By IANS,
New Delhi : “Why Tagore?” a young mathematician asked Ramchandra Guha, referring to a newspaper column in which he had spoken of Rabindranath Tagore, Mahatma Gandhi, Jawaharlal Nehru and B.R. Ambedkar as the “four founders” of modern India. The author-commentator’s response was that “Tagore’s nationalism was inclusive and objective”.
“The nationalism that Tagore and Gandhi followed did not give privilege to any religion. It was inclusive and objective. I think Tagore and Gandhi had the privilege to examine moral power without political accountability,” Guha told a packed ampitheatre at the India Habitat Centre Tuesday night.
He was in conversation with Foreign Secretary Shivshankar Menon at the launch of “Nationalism” by Rabindranath Tagore, a Penguin modern classic imprint.
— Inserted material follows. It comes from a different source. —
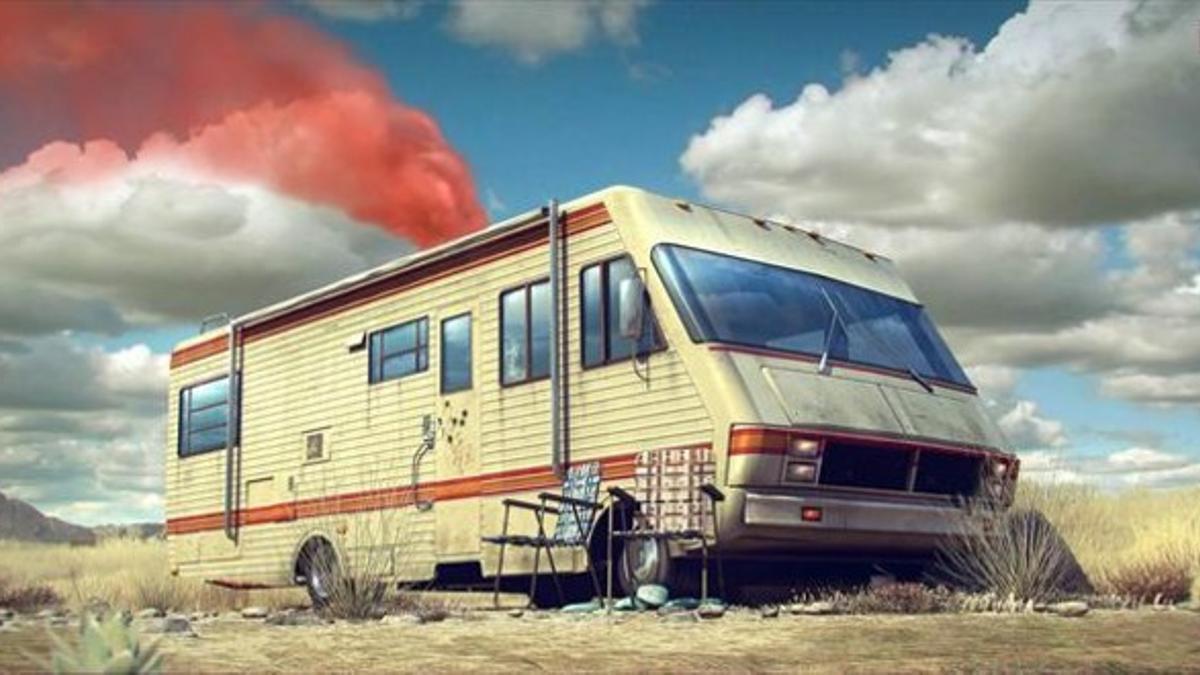 La verdadera autocaravana de Walter White en 'Breaking Bad', en plena producción de metanfetamina.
The book, a comment on the internationalism and the country’s engagements with foreign powers, has a detailed foreword by Guha.
Guha said Tagore’s reputation, within India and outside it, suffered parochial possession of one province – Bengal. His poems, plays and novels were written in Bengali and set in Bengal, but in his non-fictions, letters, essays, talks and polemics, he wrote extensively on the relations between cultures and countries of the world.
Quoting litterateur Humayun Kabir, Guha said: “Tagore was an intellectual who went out on his cultural mission for restoring contacts and establishing friendships with people of other countries without any specific, educational, economic or religious aim unlike Nehru, whose travels were political. This gave his brand of nationalism an inclusiveness – he saw through the euphemisms.”
“Tagore could denounce the nation of the west, while acclaiming the spirit of the west. Europe had produced imperialism and militarism but also justice and liberty. One must resist the former but retain the later,” Guha said.
Menon said Nehru’s ideals of inclusive and a higher nationalism were inspired by Tagore.
“The governance of the 50s was based on this inclusive nationalism which was characterised by good values, liberty spirit of equality and knowledge that were drawn from Tagore’s ideology,” he said.
Countering Guha’s assertions that the Indian parochialism and obsession with domestic concerns like election was creeping into the larger policies, Menon said: “Foreign policy does not deepen parochialism, it helps open up. Nehru ensured that there was conviction in foreign policy and parochialisation of internal policies has not affected how our neighbours think of us”.
Tagore’s “Nationalism” is priced at Rs.199.